Source: Seymour D. Buck. Interview with Myron Buxton. Manuscript. U.S. Works Progress Administration, Federal Writers Project. From Library of Congress, Folklore Project, Life Histories, 1936–39, GIF. http://www.loc.gov/resource/wpalh1.14030415/#seq-1 (accessed December 3, 2013).

DOCUMENT 3

Jim Cole, Overcoming Racism in the Unions, May 18, 1939

An African American packinghouse worker near Chicago, Illinois, explained how the CIO united workers from different racial and ethnic backgrounds when other unions turned them away.

I’m working in the Beef Kill section. Butcher on the chain. Been in the place twenty years, I believe. You got to have a certain amount of skill to do the job I’m doing. Long ago, I wanted to join the AFL union, the Amalgamated Butchers and Meat Cutters, they called it and wouldn’t take me. Wouldn’t let me in the union. Never said it to my face, but reason of it was plain. Negro. That’s it. Just didn’t want a Negro man to have what he should. That’s wrong. You know that’s wrong. Long about 1937 the CIO come. Well, I tell you, we Negroes was glad to see it come. Well, you know, sometimes the bosses, or either the company stooges try to keep the white boys from joining the union. They say, “you don’t want to belong to a black man’s organization. That’s all the CIO is.” Don’t fool nobody, but they got to lie, spread lyin’ words around. There’s a many different people, talkin’ different speech, can’t understand English very well, we have to have us union interpreters for lots of our members, but that don’t make no mind, they all friends in the union, even if they can’t say nothin’ except “Brother,” an’ shake hands. Well, my own local, we elected our officers and it’s the same all over. We try to get every people represented. President of the local, he’s Negro. First V[ice] President, he’s Polish. Second V. President, he’s Irish. Other officers, Scotchman, Lithuanian, Negro, German. . . . I don’t care if the union don’t do another lick of work raisin’ our pay, or settling grievances about anything, I’ll always believe they done the greatest thing in the world gettin’ everybody who works in the yards together, and breakin’ up the hate and bad feelings that used to be held against the Negro.

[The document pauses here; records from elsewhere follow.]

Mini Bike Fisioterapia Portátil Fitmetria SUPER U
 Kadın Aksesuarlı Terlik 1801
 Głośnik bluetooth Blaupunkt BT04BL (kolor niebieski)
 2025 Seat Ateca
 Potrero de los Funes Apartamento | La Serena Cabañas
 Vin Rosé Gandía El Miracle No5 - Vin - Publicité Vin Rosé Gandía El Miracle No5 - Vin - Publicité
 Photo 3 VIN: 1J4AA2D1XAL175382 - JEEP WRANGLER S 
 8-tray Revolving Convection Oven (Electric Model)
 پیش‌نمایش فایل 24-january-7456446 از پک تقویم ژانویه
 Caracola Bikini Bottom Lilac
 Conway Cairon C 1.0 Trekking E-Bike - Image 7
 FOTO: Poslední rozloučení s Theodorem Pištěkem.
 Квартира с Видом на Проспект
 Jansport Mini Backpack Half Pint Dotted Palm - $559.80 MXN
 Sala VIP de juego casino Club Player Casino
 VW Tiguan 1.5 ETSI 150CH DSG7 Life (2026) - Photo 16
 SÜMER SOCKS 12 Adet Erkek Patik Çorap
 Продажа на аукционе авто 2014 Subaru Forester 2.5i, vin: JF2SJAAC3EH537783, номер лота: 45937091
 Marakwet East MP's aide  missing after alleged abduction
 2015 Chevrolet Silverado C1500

Source: Betty Burke. Interview with Jim Cole. Manuscript. U.S. Works Progress Administration, Federal Writers Project. From Library of Congress, Folklore Project, Life Histories, 1936–39, GIF. http://www.loc.gov/resource/wpalh0.07050602/seq-1#seq-1 (accessed December 3, 2013).

Questions for Analysis

Analyze the Evidence: What did Fusco, Buxton, and Cole see as successes and shortcomings of the New Deal? According to these men, how did New Deal programs influence the lives of ordinary American citizens?

Consider the Context: Who did these men identify as opponents of New Deal measures, and why?

Recognize Viewpoints: What attitudes did these men believe other Americans had about the WPA, the CIO, and the New Deal in general?